%%

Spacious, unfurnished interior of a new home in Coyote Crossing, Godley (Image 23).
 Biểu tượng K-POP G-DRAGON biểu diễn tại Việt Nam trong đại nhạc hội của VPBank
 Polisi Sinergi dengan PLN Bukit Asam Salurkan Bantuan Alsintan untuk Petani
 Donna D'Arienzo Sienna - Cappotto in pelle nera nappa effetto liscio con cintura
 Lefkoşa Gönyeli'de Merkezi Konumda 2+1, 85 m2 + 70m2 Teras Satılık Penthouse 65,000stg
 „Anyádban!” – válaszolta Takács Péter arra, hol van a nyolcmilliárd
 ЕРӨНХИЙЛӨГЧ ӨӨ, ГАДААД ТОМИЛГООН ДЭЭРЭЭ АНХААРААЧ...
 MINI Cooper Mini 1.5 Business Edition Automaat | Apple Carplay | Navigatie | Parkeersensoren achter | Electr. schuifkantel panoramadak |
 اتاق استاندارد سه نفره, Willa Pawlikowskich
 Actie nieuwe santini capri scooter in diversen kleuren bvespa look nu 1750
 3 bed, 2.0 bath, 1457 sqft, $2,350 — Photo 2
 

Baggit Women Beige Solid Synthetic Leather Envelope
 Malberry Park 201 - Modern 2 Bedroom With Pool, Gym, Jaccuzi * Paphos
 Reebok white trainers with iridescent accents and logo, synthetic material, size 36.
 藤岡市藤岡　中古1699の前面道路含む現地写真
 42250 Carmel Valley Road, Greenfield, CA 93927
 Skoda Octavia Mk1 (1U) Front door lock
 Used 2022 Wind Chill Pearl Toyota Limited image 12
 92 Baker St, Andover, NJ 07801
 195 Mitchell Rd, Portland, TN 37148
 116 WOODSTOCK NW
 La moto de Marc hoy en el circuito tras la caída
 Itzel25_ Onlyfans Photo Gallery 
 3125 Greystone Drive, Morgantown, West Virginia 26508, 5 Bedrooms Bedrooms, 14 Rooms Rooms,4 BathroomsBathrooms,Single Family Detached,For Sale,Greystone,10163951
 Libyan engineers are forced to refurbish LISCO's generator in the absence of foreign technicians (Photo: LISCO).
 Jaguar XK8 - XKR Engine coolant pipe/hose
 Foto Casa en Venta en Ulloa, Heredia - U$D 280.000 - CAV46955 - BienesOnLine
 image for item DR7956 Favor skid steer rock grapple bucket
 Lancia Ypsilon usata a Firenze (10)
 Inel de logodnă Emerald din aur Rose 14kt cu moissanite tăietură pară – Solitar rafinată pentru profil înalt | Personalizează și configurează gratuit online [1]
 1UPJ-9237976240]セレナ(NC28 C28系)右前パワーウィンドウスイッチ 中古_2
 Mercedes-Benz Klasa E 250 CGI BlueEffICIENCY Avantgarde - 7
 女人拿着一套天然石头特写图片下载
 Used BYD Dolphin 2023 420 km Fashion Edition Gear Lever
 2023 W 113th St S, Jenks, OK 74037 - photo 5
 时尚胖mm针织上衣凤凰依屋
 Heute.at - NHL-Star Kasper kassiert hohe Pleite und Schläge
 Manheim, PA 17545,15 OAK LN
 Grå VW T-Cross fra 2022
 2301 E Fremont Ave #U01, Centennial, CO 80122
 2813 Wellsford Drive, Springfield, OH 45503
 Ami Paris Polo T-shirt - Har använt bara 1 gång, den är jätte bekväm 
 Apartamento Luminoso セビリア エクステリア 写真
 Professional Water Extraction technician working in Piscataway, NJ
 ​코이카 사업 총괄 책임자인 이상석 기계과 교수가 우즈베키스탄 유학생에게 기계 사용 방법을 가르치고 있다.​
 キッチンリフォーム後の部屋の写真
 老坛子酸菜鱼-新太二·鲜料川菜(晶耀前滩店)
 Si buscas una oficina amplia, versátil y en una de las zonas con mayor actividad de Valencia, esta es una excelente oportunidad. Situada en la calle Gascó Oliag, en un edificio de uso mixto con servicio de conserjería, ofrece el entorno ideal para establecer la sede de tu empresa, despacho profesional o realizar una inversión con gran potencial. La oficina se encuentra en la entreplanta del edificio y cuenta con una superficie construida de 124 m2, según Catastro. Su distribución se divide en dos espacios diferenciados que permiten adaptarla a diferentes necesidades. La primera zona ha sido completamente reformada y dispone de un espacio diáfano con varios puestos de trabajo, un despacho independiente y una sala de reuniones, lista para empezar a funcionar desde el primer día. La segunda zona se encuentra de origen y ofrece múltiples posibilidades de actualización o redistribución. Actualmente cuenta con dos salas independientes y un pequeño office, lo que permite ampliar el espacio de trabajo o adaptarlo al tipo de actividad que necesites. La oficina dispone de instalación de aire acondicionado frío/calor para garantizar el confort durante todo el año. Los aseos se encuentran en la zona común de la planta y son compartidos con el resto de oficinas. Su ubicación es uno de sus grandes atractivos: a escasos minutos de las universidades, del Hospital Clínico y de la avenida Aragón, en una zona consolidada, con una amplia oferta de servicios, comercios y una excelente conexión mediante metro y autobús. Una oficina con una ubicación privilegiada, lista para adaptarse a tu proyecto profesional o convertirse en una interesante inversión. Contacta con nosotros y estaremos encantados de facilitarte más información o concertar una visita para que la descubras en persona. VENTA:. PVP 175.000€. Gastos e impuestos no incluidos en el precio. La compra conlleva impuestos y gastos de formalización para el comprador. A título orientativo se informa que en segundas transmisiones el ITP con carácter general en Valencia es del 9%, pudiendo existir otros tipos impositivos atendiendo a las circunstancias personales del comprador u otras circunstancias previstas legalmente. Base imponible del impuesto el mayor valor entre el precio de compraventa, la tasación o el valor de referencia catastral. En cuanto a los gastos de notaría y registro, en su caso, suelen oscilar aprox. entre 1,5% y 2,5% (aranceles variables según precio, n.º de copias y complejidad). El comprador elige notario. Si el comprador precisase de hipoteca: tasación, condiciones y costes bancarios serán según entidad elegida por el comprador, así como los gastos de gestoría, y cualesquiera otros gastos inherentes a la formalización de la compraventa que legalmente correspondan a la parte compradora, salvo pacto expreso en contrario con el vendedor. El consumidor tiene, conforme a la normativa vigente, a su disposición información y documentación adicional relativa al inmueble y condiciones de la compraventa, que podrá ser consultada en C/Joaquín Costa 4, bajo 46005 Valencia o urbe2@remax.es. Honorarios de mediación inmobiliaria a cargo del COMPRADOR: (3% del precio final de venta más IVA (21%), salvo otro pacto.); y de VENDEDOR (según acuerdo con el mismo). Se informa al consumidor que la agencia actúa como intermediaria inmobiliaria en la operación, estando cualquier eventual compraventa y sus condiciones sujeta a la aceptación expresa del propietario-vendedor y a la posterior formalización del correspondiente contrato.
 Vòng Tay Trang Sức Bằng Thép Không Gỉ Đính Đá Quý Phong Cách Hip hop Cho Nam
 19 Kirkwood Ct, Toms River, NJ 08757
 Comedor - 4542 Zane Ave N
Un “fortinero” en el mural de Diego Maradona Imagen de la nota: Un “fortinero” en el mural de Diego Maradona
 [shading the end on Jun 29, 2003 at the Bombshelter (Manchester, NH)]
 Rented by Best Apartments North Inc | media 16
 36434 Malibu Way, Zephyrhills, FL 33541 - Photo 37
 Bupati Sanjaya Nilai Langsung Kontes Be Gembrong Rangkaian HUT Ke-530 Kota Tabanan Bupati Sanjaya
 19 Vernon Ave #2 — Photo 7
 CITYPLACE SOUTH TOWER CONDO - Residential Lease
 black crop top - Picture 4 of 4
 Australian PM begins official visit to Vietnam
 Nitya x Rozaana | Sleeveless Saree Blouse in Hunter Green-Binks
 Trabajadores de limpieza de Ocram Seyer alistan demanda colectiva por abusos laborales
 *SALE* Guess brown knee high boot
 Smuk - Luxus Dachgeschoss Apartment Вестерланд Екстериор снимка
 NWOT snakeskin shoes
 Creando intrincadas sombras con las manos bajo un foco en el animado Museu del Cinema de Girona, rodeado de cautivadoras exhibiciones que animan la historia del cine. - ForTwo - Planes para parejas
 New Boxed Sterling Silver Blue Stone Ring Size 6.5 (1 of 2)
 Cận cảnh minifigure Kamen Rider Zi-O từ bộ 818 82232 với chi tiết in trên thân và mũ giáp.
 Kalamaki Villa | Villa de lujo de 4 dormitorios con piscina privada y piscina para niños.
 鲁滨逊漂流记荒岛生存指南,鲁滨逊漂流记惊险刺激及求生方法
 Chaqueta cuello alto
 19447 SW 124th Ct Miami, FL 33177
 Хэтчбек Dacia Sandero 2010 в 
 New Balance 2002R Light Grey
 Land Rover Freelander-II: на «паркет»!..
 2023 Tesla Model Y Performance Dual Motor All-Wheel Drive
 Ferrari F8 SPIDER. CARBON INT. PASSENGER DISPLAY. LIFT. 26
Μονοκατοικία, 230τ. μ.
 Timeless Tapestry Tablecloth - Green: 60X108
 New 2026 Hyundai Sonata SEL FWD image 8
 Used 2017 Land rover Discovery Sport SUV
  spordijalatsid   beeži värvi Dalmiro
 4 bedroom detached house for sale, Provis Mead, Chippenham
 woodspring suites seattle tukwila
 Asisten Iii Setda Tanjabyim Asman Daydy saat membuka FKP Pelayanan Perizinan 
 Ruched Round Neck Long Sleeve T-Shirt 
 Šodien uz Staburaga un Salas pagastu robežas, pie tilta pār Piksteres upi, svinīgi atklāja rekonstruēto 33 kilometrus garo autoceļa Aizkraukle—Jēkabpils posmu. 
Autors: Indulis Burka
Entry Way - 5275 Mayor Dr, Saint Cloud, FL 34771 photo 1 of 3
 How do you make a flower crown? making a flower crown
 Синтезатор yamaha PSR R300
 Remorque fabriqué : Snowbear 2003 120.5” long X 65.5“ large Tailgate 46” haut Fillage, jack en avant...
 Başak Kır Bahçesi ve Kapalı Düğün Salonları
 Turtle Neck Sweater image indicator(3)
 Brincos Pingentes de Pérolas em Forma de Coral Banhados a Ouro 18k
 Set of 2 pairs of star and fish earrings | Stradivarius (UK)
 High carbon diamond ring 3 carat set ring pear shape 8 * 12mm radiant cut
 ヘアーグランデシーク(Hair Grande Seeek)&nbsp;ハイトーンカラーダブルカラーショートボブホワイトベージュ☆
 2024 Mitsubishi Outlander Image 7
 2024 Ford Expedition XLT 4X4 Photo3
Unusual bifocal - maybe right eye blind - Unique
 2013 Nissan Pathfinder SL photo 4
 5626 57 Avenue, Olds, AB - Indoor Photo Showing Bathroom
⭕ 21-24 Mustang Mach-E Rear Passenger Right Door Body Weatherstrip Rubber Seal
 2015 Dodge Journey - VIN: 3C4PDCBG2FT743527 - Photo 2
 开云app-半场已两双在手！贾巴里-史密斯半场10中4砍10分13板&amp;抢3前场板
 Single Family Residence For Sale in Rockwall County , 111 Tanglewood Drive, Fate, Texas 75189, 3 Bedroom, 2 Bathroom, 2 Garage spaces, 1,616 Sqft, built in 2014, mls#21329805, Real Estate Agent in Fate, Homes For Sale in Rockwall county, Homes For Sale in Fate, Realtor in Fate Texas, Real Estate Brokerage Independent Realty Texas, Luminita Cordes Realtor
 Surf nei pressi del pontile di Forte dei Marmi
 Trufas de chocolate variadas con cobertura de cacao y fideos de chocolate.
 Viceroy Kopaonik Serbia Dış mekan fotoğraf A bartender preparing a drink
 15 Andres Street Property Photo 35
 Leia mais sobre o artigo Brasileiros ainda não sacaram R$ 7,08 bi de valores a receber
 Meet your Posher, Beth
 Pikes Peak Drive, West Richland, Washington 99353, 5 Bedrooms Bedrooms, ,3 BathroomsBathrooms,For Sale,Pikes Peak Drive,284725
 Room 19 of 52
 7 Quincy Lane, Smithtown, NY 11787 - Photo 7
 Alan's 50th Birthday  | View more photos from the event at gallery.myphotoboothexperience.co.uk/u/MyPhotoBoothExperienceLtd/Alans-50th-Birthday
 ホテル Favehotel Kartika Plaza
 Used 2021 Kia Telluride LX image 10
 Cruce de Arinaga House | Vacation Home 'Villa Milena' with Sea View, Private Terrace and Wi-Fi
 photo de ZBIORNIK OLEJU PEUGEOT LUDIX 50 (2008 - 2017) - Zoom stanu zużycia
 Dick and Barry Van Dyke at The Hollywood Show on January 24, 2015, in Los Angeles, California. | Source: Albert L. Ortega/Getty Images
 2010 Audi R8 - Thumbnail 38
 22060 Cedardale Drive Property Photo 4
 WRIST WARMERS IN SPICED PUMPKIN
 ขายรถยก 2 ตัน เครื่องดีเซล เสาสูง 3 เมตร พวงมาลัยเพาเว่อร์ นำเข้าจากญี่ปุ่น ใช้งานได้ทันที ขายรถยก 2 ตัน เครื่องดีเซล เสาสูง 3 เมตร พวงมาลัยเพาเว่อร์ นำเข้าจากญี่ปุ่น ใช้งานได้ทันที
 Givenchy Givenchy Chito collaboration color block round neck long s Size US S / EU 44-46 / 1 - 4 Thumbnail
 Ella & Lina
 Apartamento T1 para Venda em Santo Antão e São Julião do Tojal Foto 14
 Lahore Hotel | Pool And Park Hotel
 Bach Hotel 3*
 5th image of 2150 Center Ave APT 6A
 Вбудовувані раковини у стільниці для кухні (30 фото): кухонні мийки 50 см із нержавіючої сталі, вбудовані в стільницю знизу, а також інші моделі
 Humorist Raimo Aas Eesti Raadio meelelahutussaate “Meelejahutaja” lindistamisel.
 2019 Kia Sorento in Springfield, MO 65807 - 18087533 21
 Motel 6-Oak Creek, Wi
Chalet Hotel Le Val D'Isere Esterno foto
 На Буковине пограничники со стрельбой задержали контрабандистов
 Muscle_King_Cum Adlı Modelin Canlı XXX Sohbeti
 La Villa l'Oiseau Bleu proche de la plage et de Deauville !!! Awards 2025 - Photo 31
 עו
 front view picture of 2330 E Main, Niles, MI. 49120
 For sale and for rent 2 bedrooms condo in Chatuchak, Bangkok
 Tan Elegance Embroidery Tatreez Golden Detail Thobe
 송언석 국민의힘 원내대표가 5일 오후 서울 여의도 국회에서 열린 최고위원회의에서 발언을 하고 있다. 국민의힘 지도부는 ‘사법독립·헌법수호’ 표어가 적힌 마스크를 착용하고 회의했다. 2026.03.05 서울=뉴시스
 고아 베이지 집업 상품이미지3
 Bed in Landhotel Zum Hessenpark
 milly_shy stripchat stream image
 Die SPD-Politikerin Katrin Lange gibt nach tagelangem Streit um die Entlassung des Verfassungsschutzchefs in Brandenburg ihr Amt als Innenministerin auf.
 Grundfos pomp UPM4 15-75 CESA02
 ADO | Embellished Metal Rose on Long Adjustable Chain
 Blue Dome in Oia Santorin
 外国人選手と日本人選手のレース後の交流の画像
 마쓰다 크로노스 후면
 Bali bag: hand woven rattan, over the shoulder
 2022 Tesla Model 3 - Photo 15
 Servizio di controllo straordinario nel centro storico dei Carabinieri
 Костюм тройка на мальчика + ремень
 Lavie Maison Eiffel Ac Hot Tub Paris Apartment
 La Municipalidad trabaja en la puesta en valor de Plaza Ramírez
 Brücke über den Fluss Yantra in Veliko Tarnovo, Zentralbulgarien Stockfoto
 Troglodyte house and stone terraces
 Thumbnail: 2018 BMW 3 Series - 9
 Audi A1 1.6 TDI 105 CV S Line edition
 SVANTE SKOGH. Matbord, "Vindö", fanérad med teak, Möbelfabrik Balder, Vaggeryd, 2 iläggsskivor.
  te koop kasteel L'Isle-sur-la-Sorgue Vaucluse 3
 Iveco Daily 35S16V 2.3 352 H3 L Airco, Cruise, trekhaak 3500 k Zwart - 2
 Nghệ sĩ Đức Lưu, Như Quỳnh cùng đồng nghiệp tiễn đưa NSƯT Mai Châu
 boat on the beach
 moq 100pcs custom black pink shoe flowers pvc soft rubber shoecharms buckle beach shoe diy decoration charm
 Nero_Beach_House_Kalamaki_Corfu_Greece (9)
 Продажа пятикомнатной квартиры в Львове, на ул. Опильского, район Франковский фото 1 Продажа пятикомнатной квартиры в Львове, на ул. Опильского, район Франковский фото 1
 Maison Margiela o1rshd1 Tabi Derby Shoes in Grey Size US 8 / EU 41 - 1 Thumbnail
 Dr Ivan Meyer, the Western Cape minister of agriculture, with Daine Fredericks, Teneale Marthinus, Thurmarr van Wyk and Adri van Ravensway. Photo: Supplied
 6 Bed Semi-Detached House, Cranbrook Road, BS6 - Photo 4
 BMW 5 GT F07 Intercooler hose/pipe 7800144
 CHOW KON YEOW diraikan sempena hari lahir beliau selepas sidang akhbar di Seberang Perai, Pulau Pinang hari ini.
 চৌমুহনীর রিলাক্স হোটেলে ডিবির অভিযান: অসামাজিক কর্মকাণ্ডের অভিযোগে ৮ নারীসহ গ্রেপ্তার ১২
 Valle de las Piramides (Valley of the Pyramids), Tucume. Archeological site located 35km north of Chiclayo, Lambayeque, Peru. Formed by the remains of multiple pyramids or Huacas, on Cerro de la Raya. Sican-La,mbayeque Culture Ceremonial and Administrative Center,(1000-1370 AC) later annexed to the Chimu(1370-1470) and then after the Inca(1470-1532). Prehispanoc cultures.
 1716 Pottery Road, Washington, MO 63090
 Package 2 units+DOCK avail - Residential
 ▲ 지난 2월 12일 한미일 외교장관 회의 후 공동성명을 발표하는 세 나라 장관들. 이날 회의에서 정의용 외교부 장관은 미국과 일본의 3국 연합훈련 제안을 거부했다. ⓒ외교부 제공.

%%

**Task details**
The reply should consist solely of the lines above from the one that has "鲁滨逊漂流记荒岛生存指南,鲁滨逊漂流记惊险刺激及求生方法" through the one that has "beeži värvi Dalmiro", reproduced exactly.

**Task response**
 鲁滨逊漂流记荒岛生存指南,鲁滨逊漂流记惊险刺激及求生方法
 Chaqueta cuello alto
 19447 SW 124th Ct Miami, FL 33177
 Хэтчбек Dacia Sandero 2010 в 
 New Balance 2002R Light Grey
 Land Rover Freelander-II: на «паркет»!..
 2023 Tesla Model Y Performance Dual Motor All-Wheel Drive
 Ferrari F8 SPIDER. CARBON INT. PASSENGER DISPLAY. LIFT. 26
Μονοκατοικία, 230τ. μ.
 Timeless Tapestry Tablecloth - Green: 60X108
 New 2026 Hyundai Sonata SEL FWD image 8
 Used 2017 Land rover Discovery Sport SUV
  spordijalatsid   beeži värvi Dalmiro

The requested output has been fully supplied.